- [What is expected]
Please reproduce the entries below exactly, omitting any images they contain.

:: Stored data

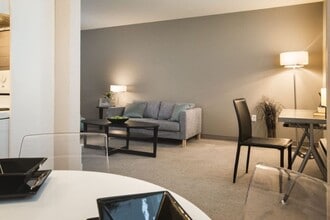 Harwood House in Winnipeg, MB - Building Photo - Building Photo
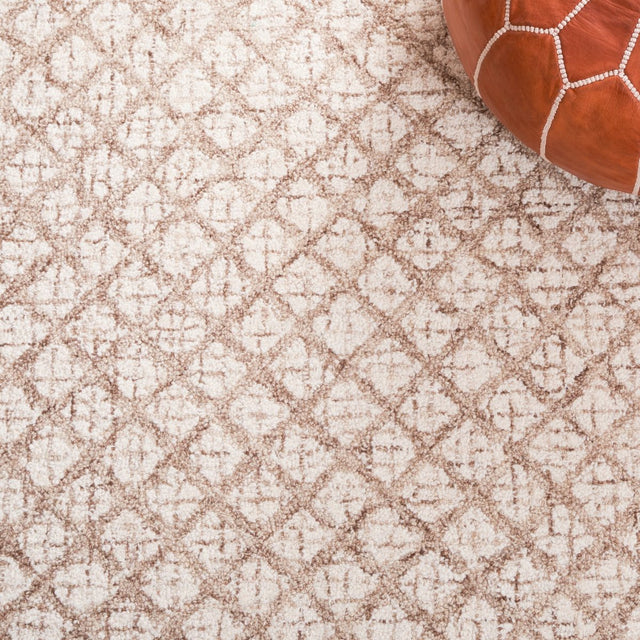 Safavieh Abstract Abt203T Ivory/Brown Rug.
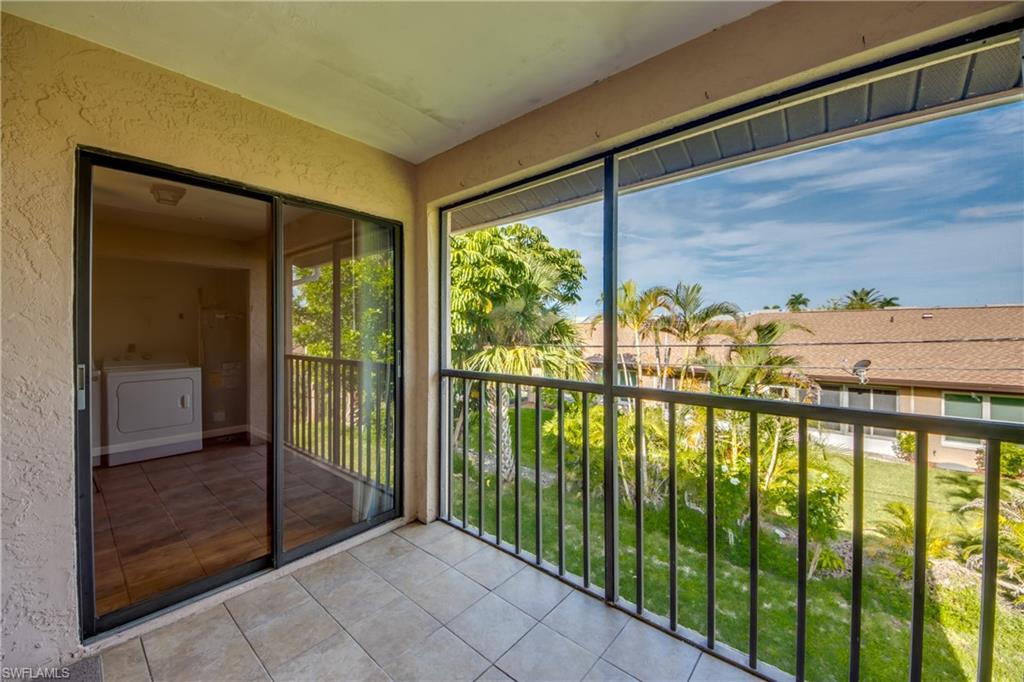 Unfurnished sunroom with washer / clothes dryer
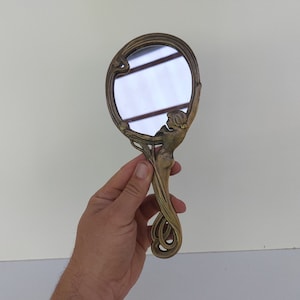 Beautiful brass handle mirror, small mirror, unique mirror, lady brass mirror, gift, gift idea, collectable, vintage mirror, retro mirror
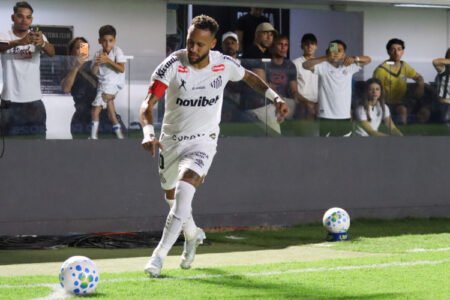 SANTOS supera ATLÉTICO-MG com GOL de Moisés e Neymar em destaque na partida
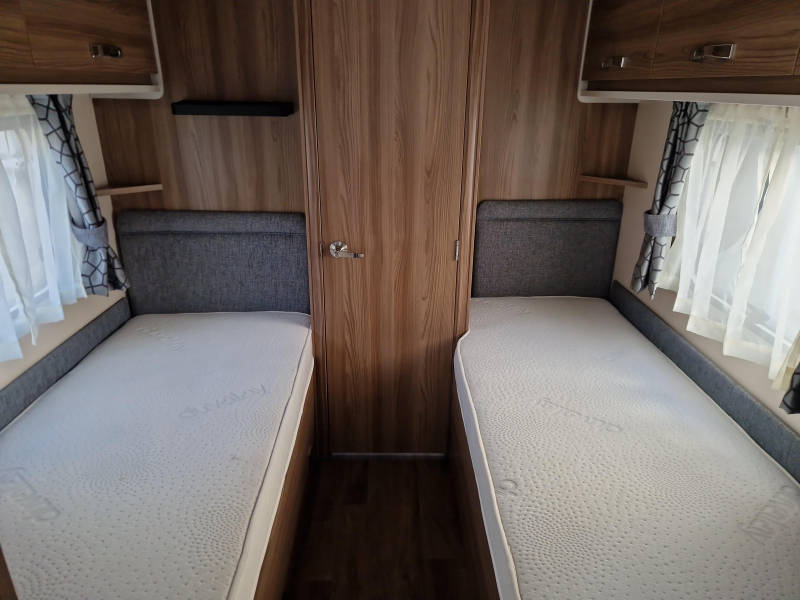 Sprite Mondial 490 SE Luifel/Mover/Fietsdr.  foto: 7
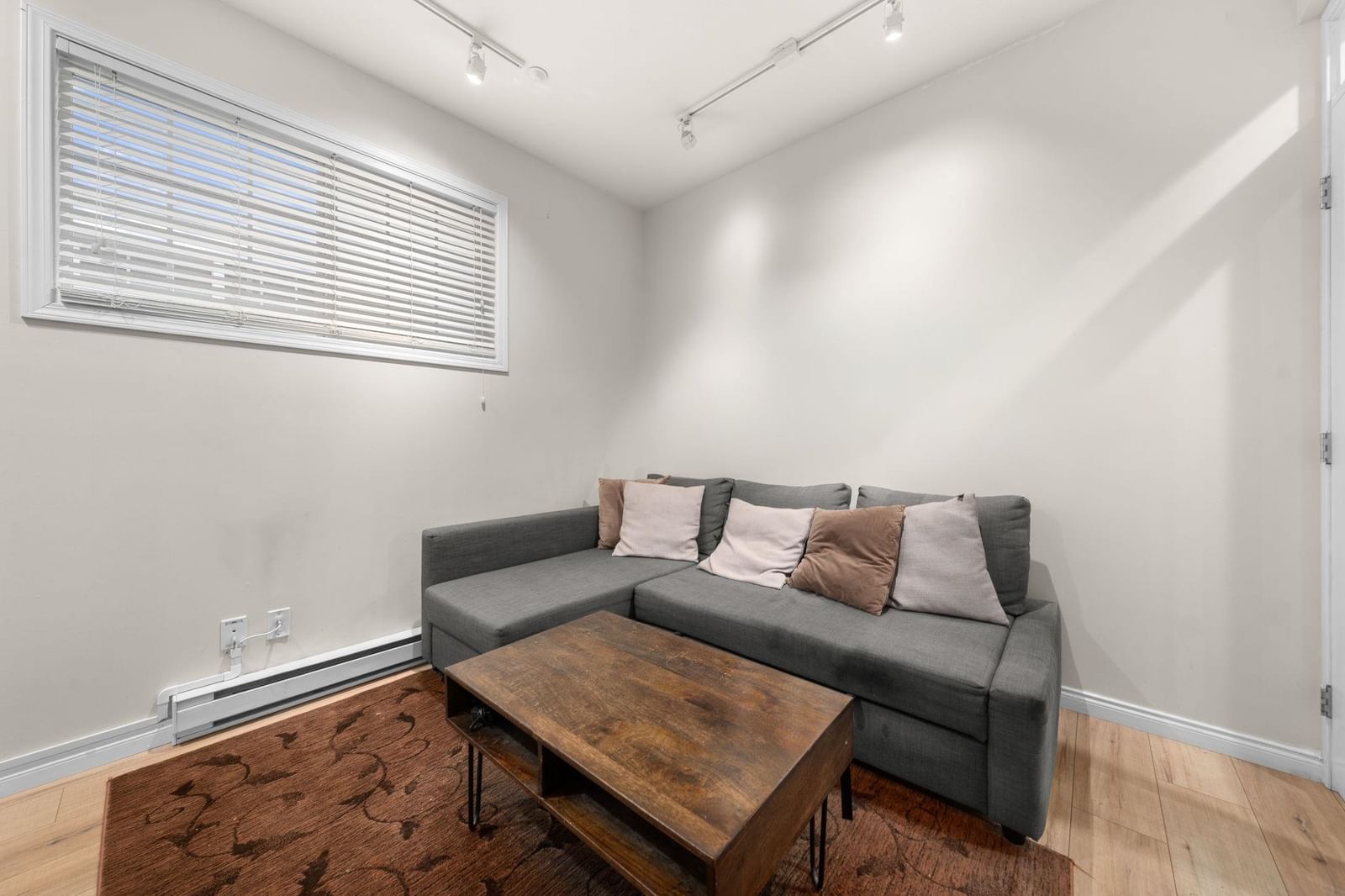 Listing Image 20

::::

- [Answer for the task]
 Harwood House in Winnipeg, MB - Building Photo - Building Photo
 Safavieh Abstract Abt203T Ivory/Brown Rug.
 Unfurnished sunroom with washer / clothes dryer
 Beautiful brass handle mirror, small mirror, unique mirror, lady brass mirror, gift, gift idea, collectable, vintage mirror, retro mirror
 SANTOS supera ATLÉTICO-MG com GOL de Moisés e Neymar em destaque na partida
 Sprite Mondial 490 SE Luifel/Mover/Fietsdr.  foto: 7
 Listing Image 20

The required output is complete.